(EXTRACTED RECORDS):
------------------------------------------------------------------------

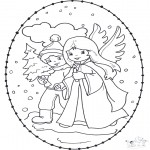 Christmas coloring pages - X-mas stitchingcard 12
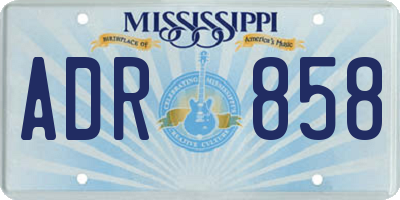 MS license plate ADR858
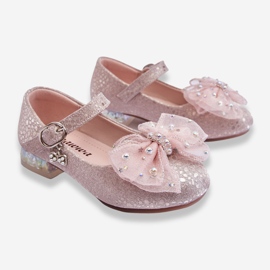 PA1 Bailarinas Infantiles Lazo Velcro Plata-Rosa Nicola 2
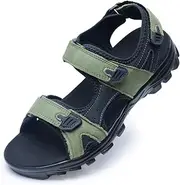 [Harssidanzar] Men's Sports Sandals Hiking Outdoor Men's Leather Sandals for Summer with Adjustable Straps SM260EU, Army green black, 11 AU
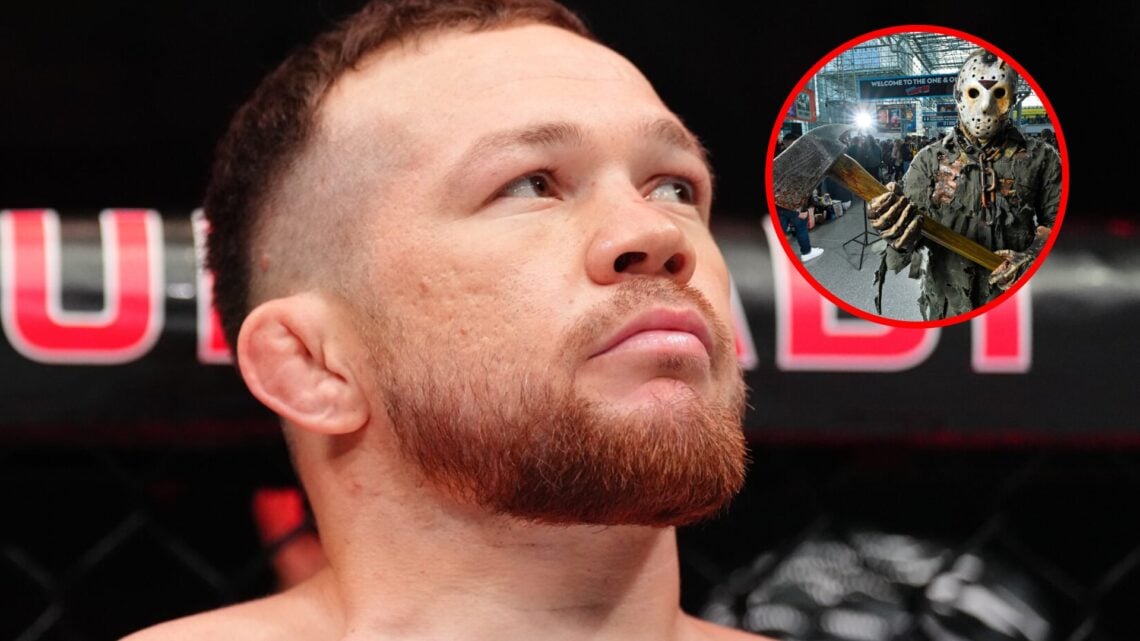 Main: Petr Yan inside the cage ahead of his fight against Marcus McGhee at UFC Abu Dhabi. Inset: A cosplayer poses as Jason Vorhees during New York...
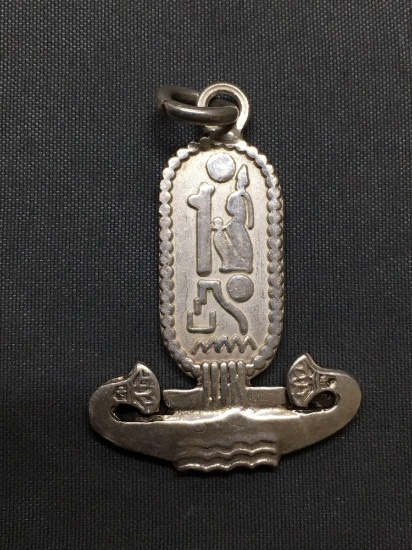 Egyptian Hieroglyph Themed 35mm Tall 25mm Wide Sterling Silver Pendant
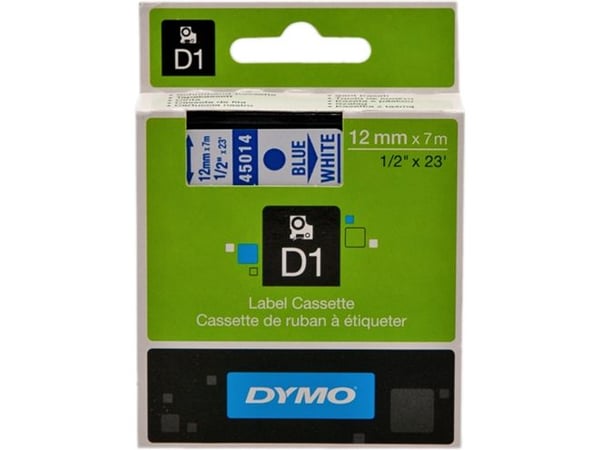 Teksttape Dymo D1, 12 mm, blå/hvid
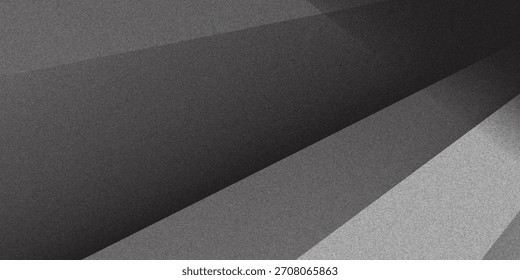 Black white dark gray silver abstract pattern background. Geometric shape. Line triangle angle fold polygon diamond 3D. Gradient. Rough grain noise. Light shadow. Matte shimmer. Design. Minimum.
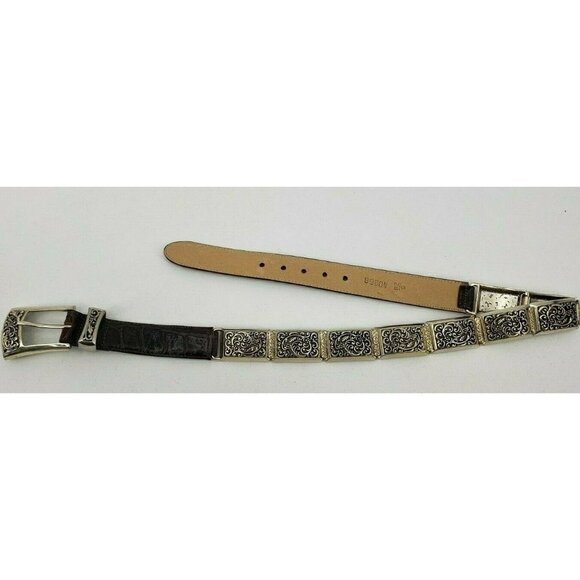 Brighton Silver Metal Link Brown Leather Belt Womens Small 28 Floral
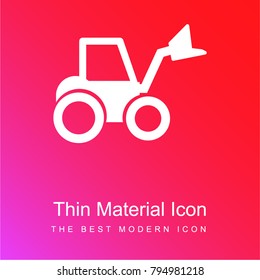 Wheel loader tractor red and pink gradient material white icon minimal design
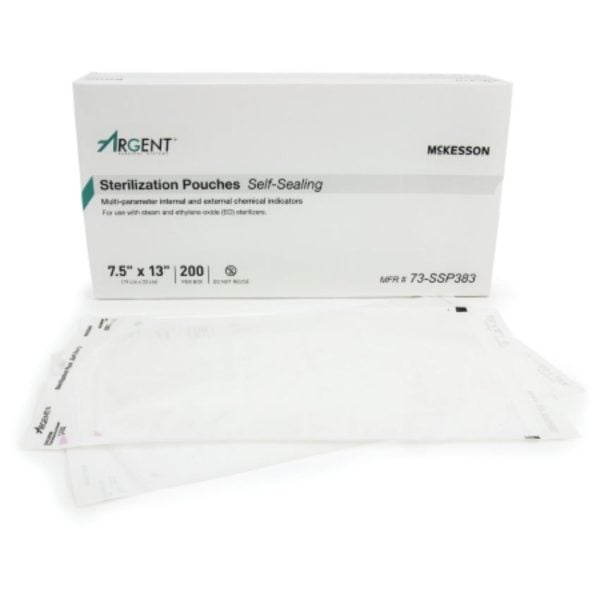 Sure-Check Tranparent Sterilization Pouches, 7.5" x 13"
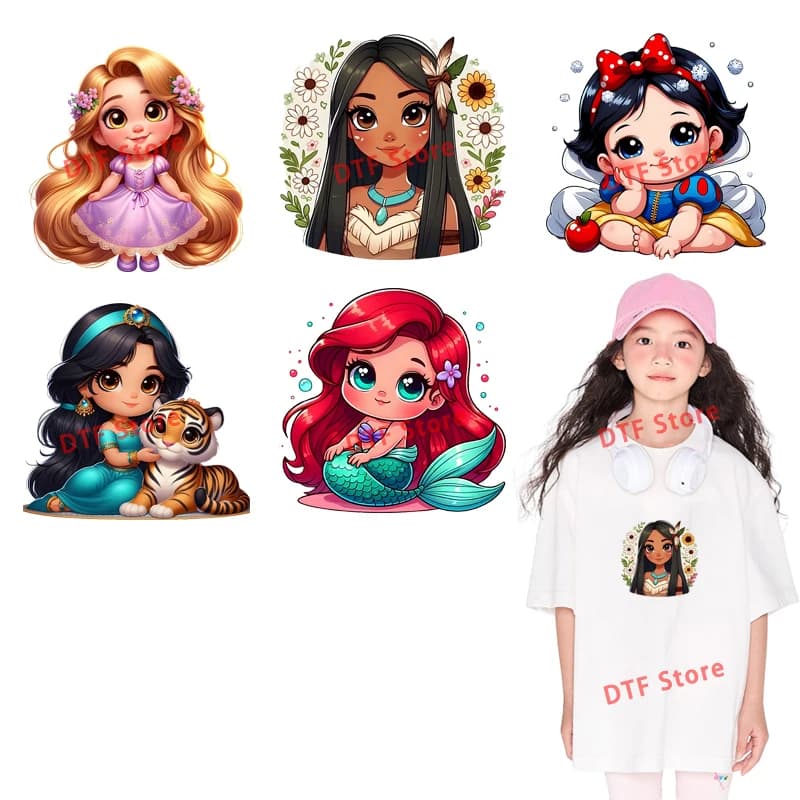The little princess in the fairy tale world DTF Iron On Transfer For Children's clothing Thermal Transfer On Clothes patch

------------------------------------------------------------------------

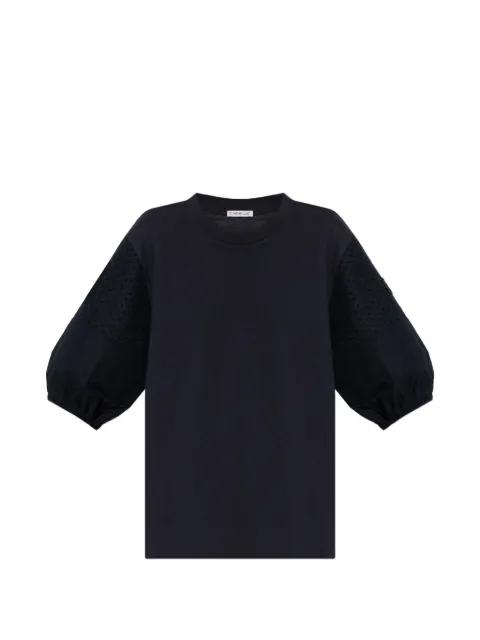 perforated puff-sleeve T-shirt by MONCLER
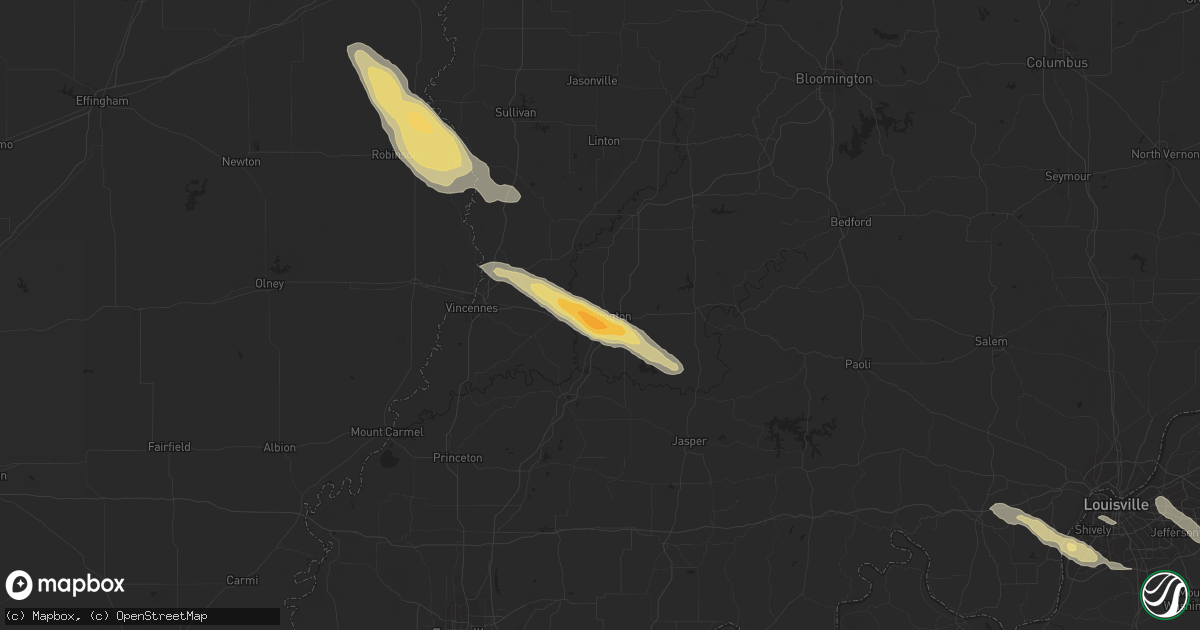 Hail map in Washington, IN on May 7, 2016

------------------------------------------------------------------------

(TASK PROMPT): Go to the line above that contains "Christmas coloring pages" and reproduce everything exactly from there through the line that contains "[Harssidanzar] Men's Sports", leaving out the pictures.

(OUTPUT OF THE TASK):
 Christmas coloring pages - X-mas stitchingcard 12
 MS license plate ADR858
 PA1 Bailarinas Infantiles Lazo Velcro Plata-Rosa Nicola 2
 [Harssidanzar] Men's Sports Sandals Hiking Outdoor Men's Leather Sandals for Summer with Adjustable Straps SM260EU, Army green black, 11 AU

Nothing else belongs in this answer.